Highly-available cluster

High availability EventStoreDB allows you to run more than one node as a cluster. Follow this guide to learn how to set up a highly-available EventStoreDB cluster.

Cluster nodes

EventStoreDB clusters follow a "shared nothing" philosophy, meaning that clustering requires no shared disks for clustering to work. Instead, several database nodes store your data to ensure it isn't lost in case of a drive failure or a node crashing.

TIP

Lean more about cluster node roles.

EventStoreDB uses a quorum-based replication model, in which a majority of nodes in the cluster must acknowledge that they committed a write to disk before acknowledging the write to the client. This means that to be able to tolerate the failure of n nodes, the cluster must be of size (2n + 1). A three-database-node cluster can continue to accept writes if one node is unavailable. A five-database-node cluster can continue to accept writes if two nodes are unavailable, and so forth.

A typical deployment topology consists of three physical machines, each running one manager node and one database node. Each of the physical machines may have two network interfaces, one for communicating with other cluster members, and one for serving clients. Although it may be preferable in some situations to run over two separate networks. It's also possible to use different TCP ports on one interface. Read more about the network interfaces configuration in the networking documentation.

Cluster size

For any cluster configuration, you first need to decide how many nodes you want, provision each node and set the cluster size option on each node.

The cluster size is a pre-defined value. The cluster expects the number of nodes to match this predefined number, otherwise the cluster would be incomplete and therefore unhealthy.

The cluster cannot be dynamically scaled. If you need to change the number of cluster nodes, the cluster size setting must be changed on all nodes before the new node can join.

Use the ClusterSize option to tell each cluster node about how many nodes the cluster should have.

FormatSyntax
Command line--cluster-size
YAMLClusterSize
Environment variableEVENTSTORE_CLUSTER_SIZE

Default: 1 (single node, no high-availability).

When setting up a cluster, you generally want an odd number of nodes as EventStoreDB uses a quorum based algorithm to handle high availability. We recommended you define an odd number of nodes to avoid split brain problems.

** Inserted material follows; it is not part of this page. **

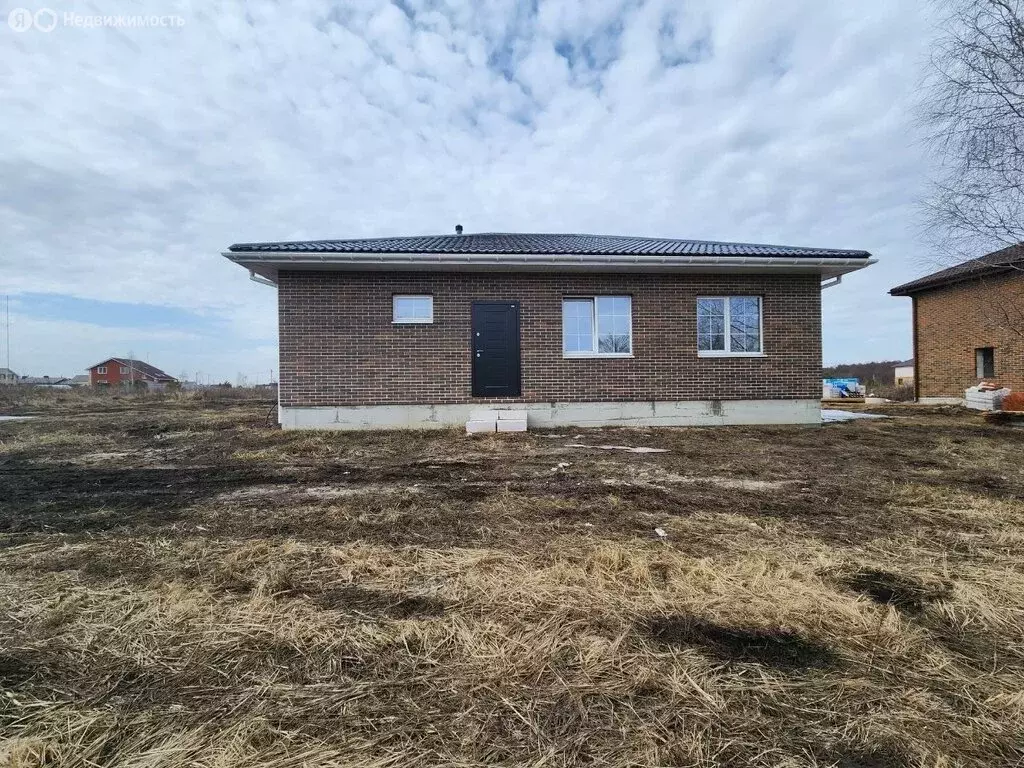 Дом в село Капитанщино, Придорожная улица (97 м) - Фото 1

Common values for the ClusterSize setting are three or five (to have a majority of two nodes and a majority of three nodes).

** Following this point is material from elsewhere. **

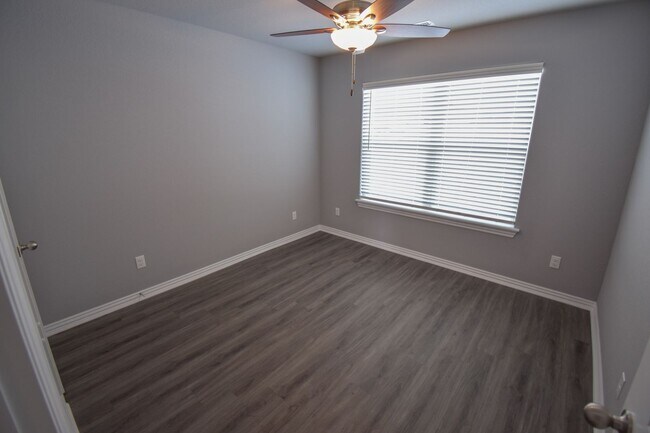 Building Photo - 3 Bedroom 2 Bath Home in Prairie Grove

Discovering cluster members

Cluster nodes use the gossip protocol to discover each other and select the cluster leader. There could be only one leader and each client application connecting to the cluster would always be directed to the leader node.

Cluster nodes need to know about one another to gossip. To start this process, you provide gossip seeds for each node.

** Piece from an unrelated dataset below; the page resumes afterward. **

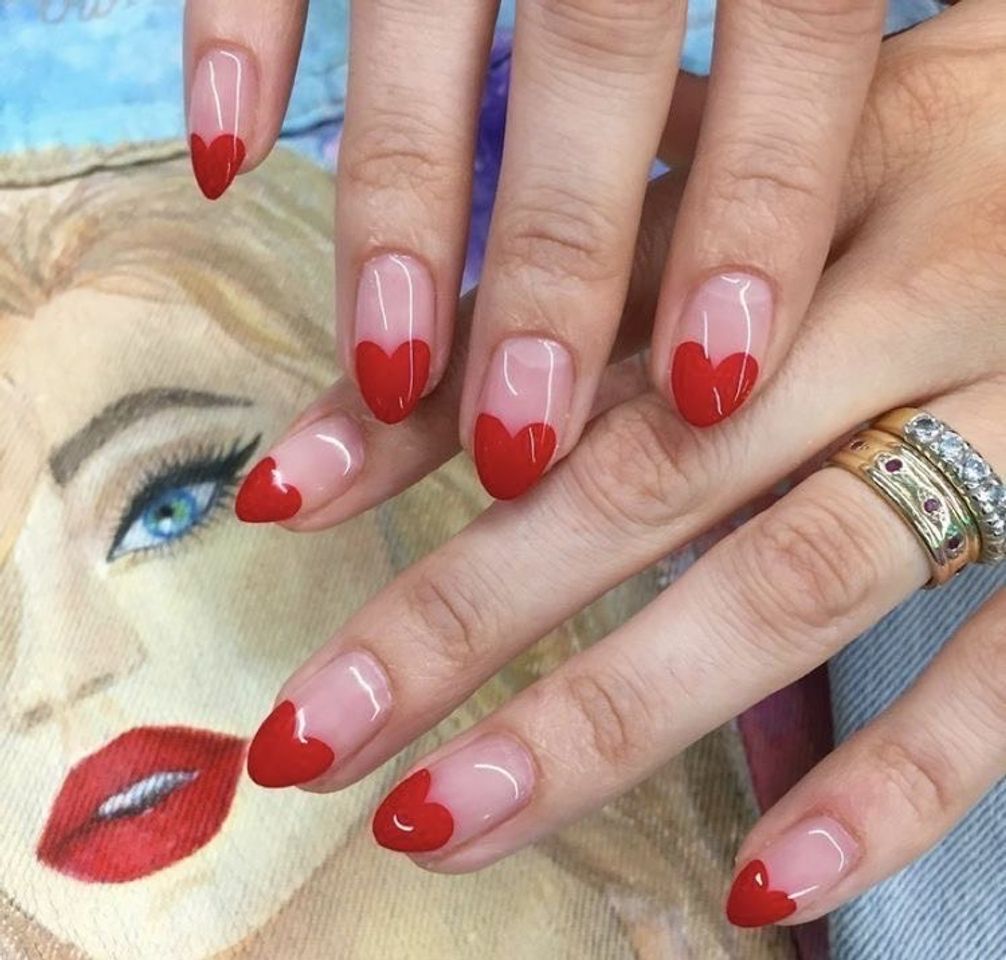 Moda unhas coração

Configure cluster nodes to discover other nodes in one of two ways:

The multi-address DNS name cluster discovery only works for clusters that use certificates signed by a private certificate authority, or run insecure. For other scenarios you need to provide the gossip seed using hostnames of other cluster nodes.

Internal communication

When setting up a cluster the nodes must be able to reach each other over both the HTTP channel, and the internal TCP channel. You should ensure that these ports are open on firewalls on the machines and between the machines.

Learn more about internal TCP configuration and HTTP configuration to set up the cluster properly.

Cluster with DNS

When you tell EventStoreDB to use DNS for its gossip, the server will resolve the DNS name to a list of IP addresses and connect to each of those addresses to find other nodes. This method is very flexible because you can change the list of nodes on your DNS server without changing the cluster configuration. The DNS method is also useful in automated deployment scenario when you control both the cluster deployment and the DNS server from your infrastructure-as-code scripts.

To use the DNS discovery, you need to set the ClusterDns option to the DNS name that allows making an HTTP call to it. When the server starts, it will attempt to make a gRPC call using the https://<cluster-dns>:<gossip-port> URL (http if the cluster is insecure).

When using a certificate signed by a publicly trusted CA, you'd normally use the wildcard certificate. Ensure that the cluster DNS name fits the wildcard, otherwise the request will fail on SSL check.

When using certificates signed by a private CA, the cluster DNS name must be included to the certificate of each node as SAN (subject alternative name).

You also need to have the DiscoverViaDns option to be set to true but it is its default value.

FormatSyntax
Command line--cluster-dns
YAMLClusterDns
Environment variableEVENTSTORE_CLUSTER_DNS

Default: fake.dns, which doesn't resolve to anything. You have to set it to a proper DNS name when used in combination to the DNS discovery (next setting).

FormatSyntax
Command line--discover-via-dns
YAMLDiscoverViaDns
Environment variableEVENTSTORE_DISCOVER_VIA_DNS

Default: true, the DNS discovery is enabled by default.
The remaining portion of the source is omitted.